I went into “The Wolf” with high expectations. I thought that “Sleepers” was a compelling story and was hoping to find more of the same in this novel. Unfortunately, while “The Wolf” is a good novel, it was nowhere near as good as “Sleepers.” I think that the main reason for this is that the scope of the story is too big for the author to take much time in building the characters and, as a result, I just never really cared about what happened to them. I felt almost as if I was watching a puppet show in which all of the actors are simple shells. I liked the premise of the story and I thought that it was executed well enough to be entertaining but I just could not get emotionally invested in the story. I was hoping for more substance in the book than what I found.
“The Wolf” is a fast and entertaining read if one is looking for a thriller to pass a couple hours with.

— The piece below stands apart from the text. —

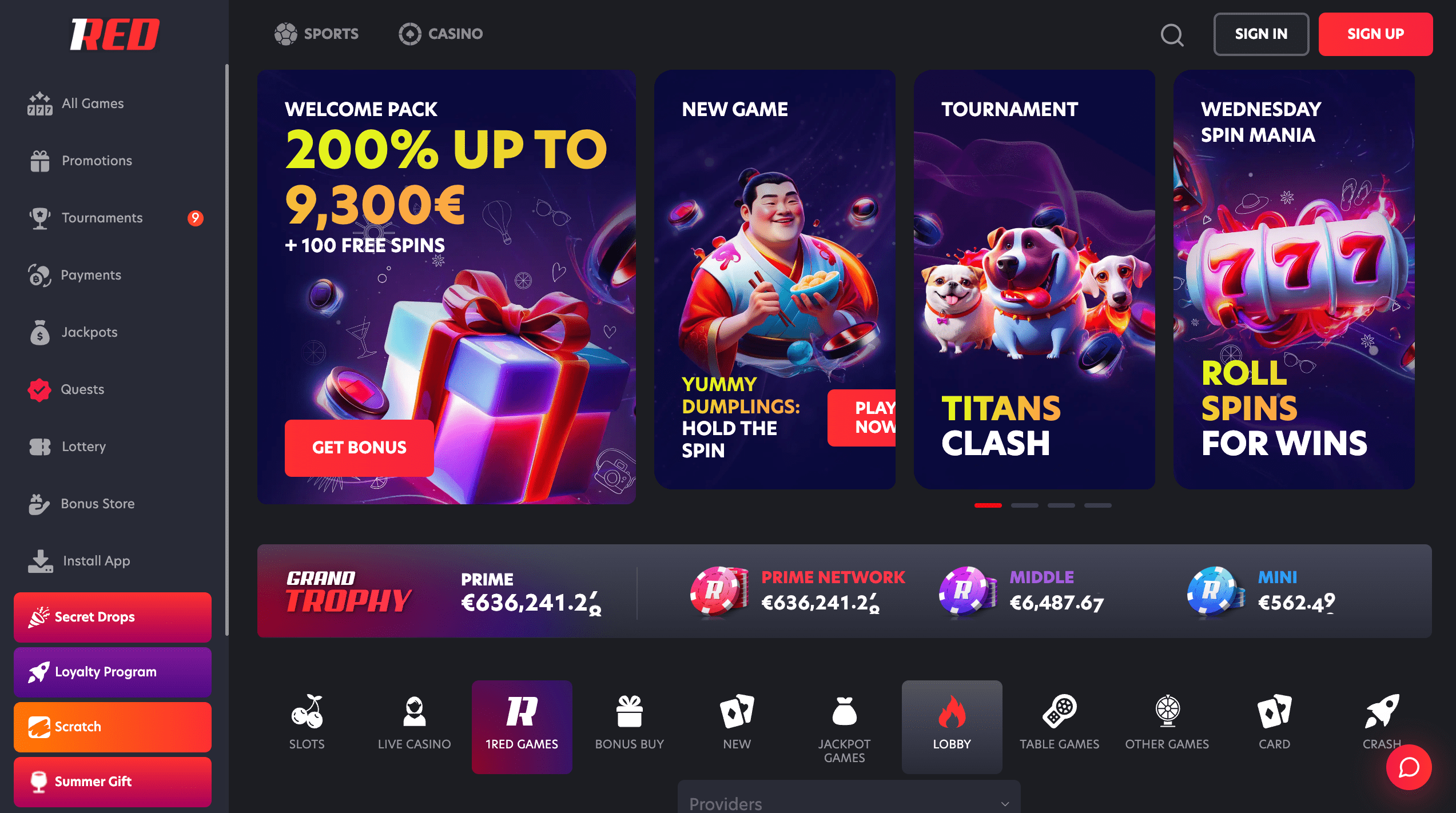 1Red Casino Main Page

Carcaterra is a very talented writer and knows how to tell a story in an entertaining manner. “The Wolf”moves briskly through the story and is never boring. It tells a tale of international intrigue that I did find interesting and it is obvious by the end that this is a story that the author intends to return to in the future. I am not saying that “The Wolf” is a bad novel by any means and it does do its job as a simple thriller effectively. I was just hoping for more substance in the story and found little more than pure entertainment. Fans of the genre are sure to be pleased with this book but I would wonder if fans of the author will be satisfied.
I would like to thank Ballantine Books and NetGalley for this review copy. “The Wolf” is available now.